Я вернулся в клинику, и на этот раз медсестра подняла взгляд.
– Что-то случилось? – спросила она.
– Мои вещи остались за воротами. Теперь они исчезли.
– Зачем же вы оставили их за воротами? – удивилась она. – Их наверняка украли.
Наверное, так и произошло, но я не мог понять, насмехаются надо мной или утешают, считает ли медсестра меня прыщом из большого города, который вполне заслуживает, чтобы его обчистили скромные аборигены, или же я в ее глазах – неотесанный дурачок, которого скорее нужно пожалеть за наивность, чем осудить. Я не посчитал нужным оправдываться и описывать свои злоключения с санитарами и обитой палатой. Наверное, она и так все знала.
– Если случайно мои вещи обнаружатся, поставьте меня в известность, хорошо? – спокойно попросил я.
– Разумеется, – ответила медсестра.
Эта женщина не излучала дружелюбия, да и в качестве источника информации выглядела так себе, но выбора у меня не было, поэтому я задал несколько важных вопросов.
– Доктор Кроу сегодня дежурит?
Медсестра посмотрела на меня как на слабоумного.
– Если бы я знала – а утверждать это будет большой натяжкой, – я вряд ли бы стала делиться такой информацией с первым встречным. Разве не так?
– А разве так?
Она величественно покачала головой.
– Хорошо, как мне раздобыть здесь какой-нибудь еды?
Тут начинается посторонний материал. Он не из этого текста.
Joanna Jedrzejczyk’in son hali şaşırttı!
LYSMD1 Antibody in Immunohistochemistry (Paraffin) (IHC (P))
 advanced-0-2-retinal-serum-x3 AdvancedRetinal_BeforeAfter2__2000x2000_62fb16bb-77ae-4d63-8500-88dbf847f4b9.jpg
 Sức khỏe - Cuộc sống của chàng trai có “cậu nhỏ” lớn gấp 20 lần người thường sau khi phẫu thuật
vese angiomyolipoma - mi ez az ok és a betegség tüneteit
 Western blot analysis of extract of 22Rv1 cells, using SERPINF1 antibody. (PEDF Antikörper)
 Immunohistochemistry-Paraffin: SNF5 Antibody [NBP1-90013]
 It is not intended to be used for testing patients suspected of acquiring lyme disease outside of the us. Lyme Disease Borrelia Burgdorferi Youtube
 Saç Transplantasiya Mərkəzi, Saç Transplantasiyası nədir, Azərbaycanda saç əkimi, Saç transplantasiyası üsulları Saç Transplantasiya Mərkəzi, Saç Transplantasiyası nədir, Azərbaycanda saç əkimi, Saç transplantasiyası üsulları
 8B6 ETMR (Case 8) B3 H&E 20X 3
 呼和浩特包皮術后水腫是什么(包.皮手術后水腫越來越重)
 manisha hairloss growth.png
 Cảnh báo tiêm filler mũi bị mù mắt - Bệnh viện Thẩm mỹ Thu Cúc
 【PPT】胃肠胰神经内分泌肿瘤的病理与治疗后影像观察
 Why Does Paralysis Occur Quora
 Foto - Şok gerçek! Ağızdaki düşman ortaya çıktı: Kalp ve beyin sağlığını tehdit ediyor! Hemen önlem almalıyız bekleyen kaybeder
По-моему, этот вопрос не мог вызвать ни насмешек, ни снисходительного тона, но медсестра вновь уставилась на меня с таким сочувствием, какое обычно приберегают для полудурков.
– Вообще-то здесь не гостиница.
– Знаю, – ответил я. И добавил, призвав на помощь все свои запасы сарказма: – Это клиника для умалишенных. Так что я могу понять отсутствие горничных, но не понимаю, почему здесь не должно быть пищи.
– Совсем не обязательно повышать голос.